Problem: Look below for the line holding "Tool & Supply" and the line holding "Big Green Egg". Repeat those two and everything between, exactly.

++++ Data for analysis ++++

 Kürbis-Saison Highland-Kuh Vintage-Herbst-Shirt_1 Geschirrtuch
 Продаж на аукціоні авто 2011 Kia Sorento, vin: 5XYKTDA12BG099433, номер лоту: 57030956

++++
++++ Data for analysis ++++

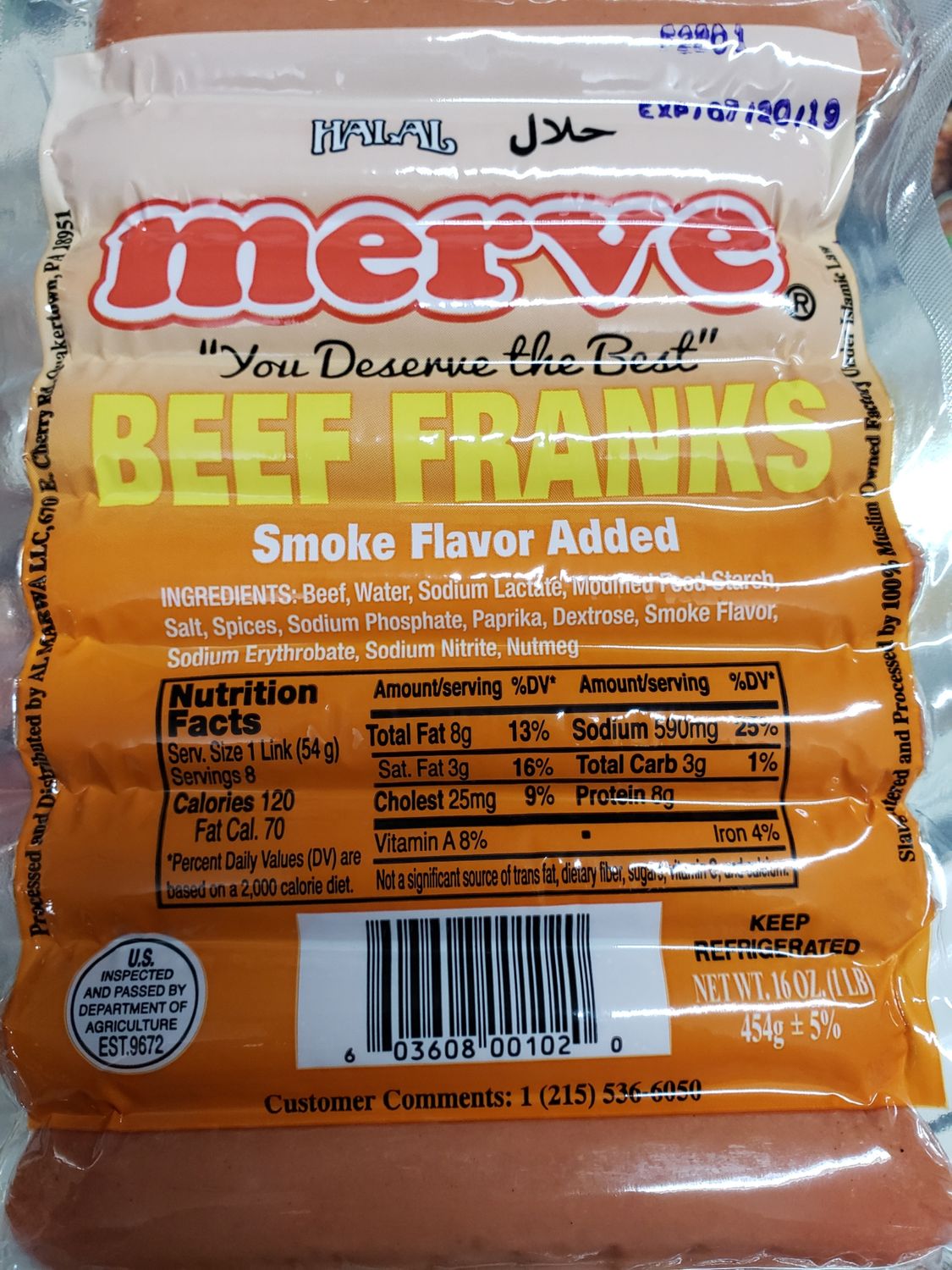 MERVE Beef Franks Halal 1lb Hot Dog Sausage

++++
++++ Data for analysis ++++

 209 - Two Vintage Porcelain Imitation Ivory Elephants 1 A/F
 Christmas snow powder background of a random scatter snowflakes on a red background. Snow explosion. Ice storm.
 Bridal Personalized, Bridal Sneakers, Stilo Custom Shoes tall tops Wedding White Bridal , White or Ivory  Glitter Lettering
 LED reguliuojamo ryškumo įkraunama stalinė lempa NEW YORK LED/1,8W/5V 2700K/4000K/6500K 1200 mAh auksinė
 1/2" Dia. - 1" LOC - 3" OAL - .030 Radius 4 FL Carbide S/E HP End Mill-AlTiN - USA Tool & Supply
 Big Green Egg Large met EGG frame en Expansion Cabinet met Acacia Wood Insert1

++++

Solution to the problem:
 1/2" Dia. - 1" LOC - 3" OAL - .030 Radius 4 FL Carbide S/E HP End Mill-AlTiN - USA Tool & Supply
 Big Green Egg Large met EGG frame en Expansion Cabinet met Acacia Wood Insert1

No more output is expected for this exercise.